Benjamin Houy shut down Lorelight, a generative engine optimization (GEO) platform designed to track brand visibility in ChatGPT, Claude, and Perplexity, after concluding most brands don’t need a specialized tool for AI search visibility.
Houy writes that, after reviewing hundreds of AI answers, the brands mentioned most often share familiar traits: quality content, mentions in authoritative publications, strong reputation, and genuine expertise.
He claims:
“There’s no such thing as ‘GEO strategy’ or ‘AI optimization’ separate from brand building… The AI models are trained on the same content that builds your brand everywhere else.”
Houy explains in a blog post that customers liked Lorelight’s insights but often churned because the data didn’t change their tactics. In his view, users pursued the same fundamentals with or without GEO dashboards.

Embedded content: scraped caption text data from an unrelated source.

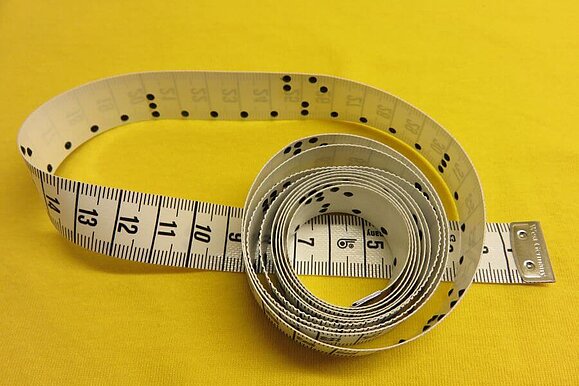 Maßband mit Schwarzschrift und Brailleschrift Maßband mit Schwarzschrift und Brailleschrift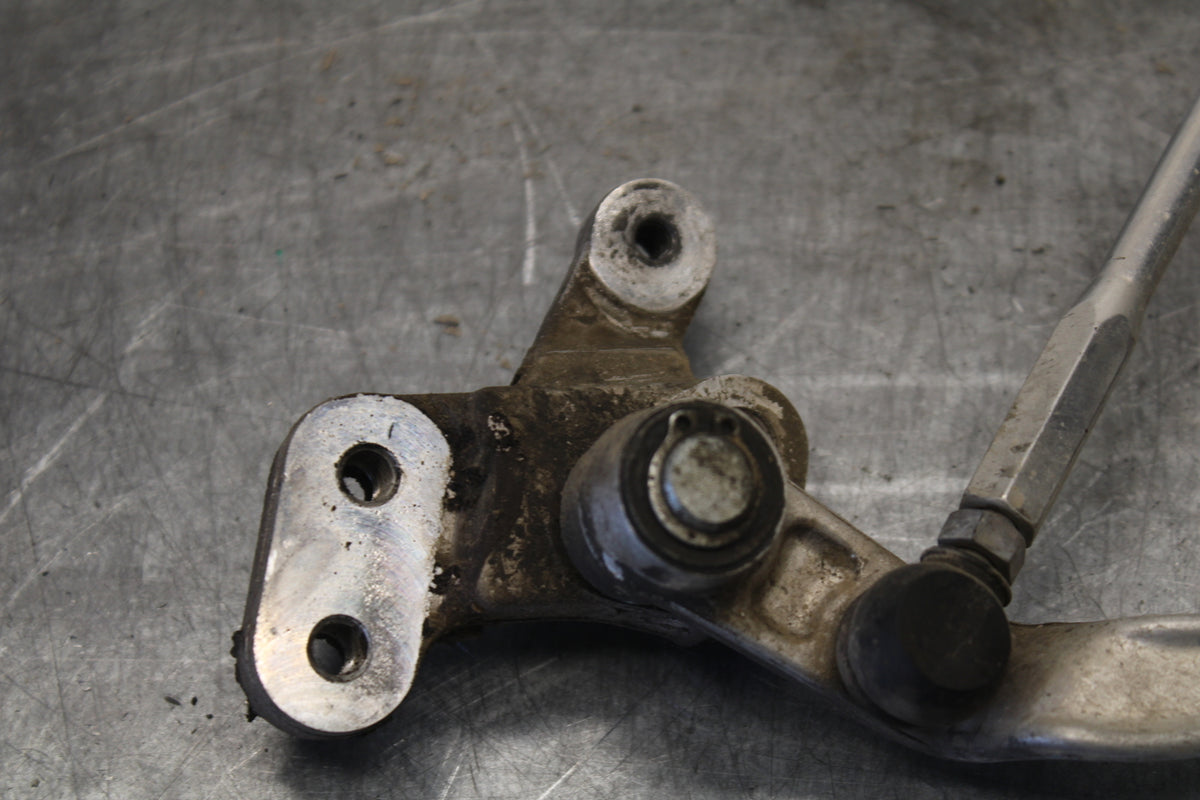 06-07 SUZUKI GSXR 600 SHIFTER LINKAGE SHIFT LINK PEDAL BB694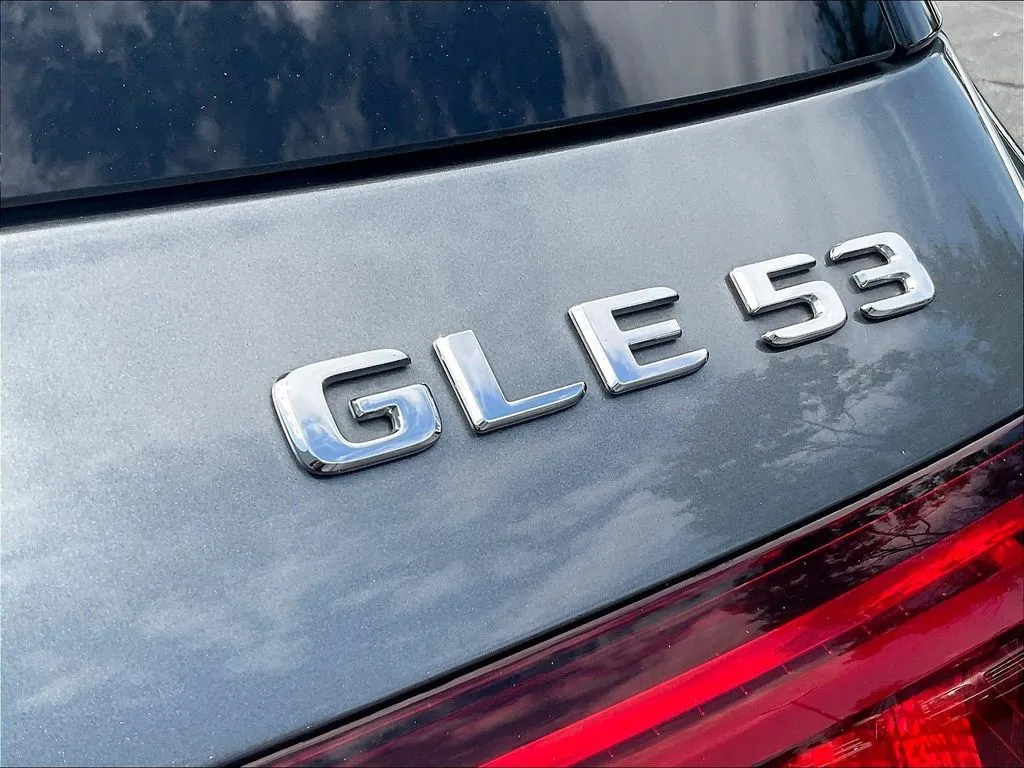 Mercedes-Benz GLE photo 21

He argues GEO tracking makes more sense as one signal inside broader SEO suites rather than as a standalone product. He points to examples of traditional SEO platforms incorporating AI-style visibility signals into existing toolsets rather than creating a separate category.
Debate Snapshot: Voices On Both Sides
Reactions show a genuine split in how marketers see “AI search.”
Some SEO professionals applauded the back-to-basics message. Others countered with cases where assistant referrals appear meaningful.
Here are some of the responses published so far:
- Lily Ray: “Thank you for being honest and for sharing this publicly. The industry needs to hear this loud and clear.”
- Randall Choh: “I beg to differ. It’s a growing metric… LLM searches usually have better search intents that lead to higher conversions.”
- Karl McCarthy: “You’re right that quality content + authoritative mentions + reputation is what works… That’s not a tool. It’s a network.”
- Nikki Pilkington raised consumer-fairness questions about shuttering a product and whether prior GEO-promotional content should be updated or removed.
These perspectives capture the industry tension. Some see AI search as a new performance channel worth measuring. Others see the same brand signals driving outcomes across SEO, PR, and now AI assistants.
How “AI Search Visibility” Is Being Measured
Because assistants work differently from web search, measurement is still uneven.
Assistants surface brands in two main ways: by citing and linking sources directly in answers, and by guiding people into familiar web results.
Referral tracking can come through direct links, copy-and-paste, or branded search follow-ups.
Attribution is messy because not all assistants pass clear referrers. Teams often combine UTM tagging on shared links with branded-search lift, direct-traffic spikes, and assisted-conversion reports to triangulate “LLM influence.”
That patchwork makes case studies persuasive but hard to generalize.
Why This Matters
The main question is whether AI search needs its own optimization framework or if it primarily benefits from the same brand signals.
If Houy is correct, standalone GEO tools might only produce engaging dashboards that seldom influence strategy.
On the other hand, if the advocates are correct, overlooking assistant visibility could mean missing out on profitable opportunities between traditional search and LLM-referred traffic.
What’s Next
It’s likely that SEO platforms will continue to fold “AI visibility” into existing analytics rather than creating a separate category.
The safest path for businesses is to continue doing the brand-building work that assistants already reward, while testing assistant-specific measurements where they are most likely to pay off.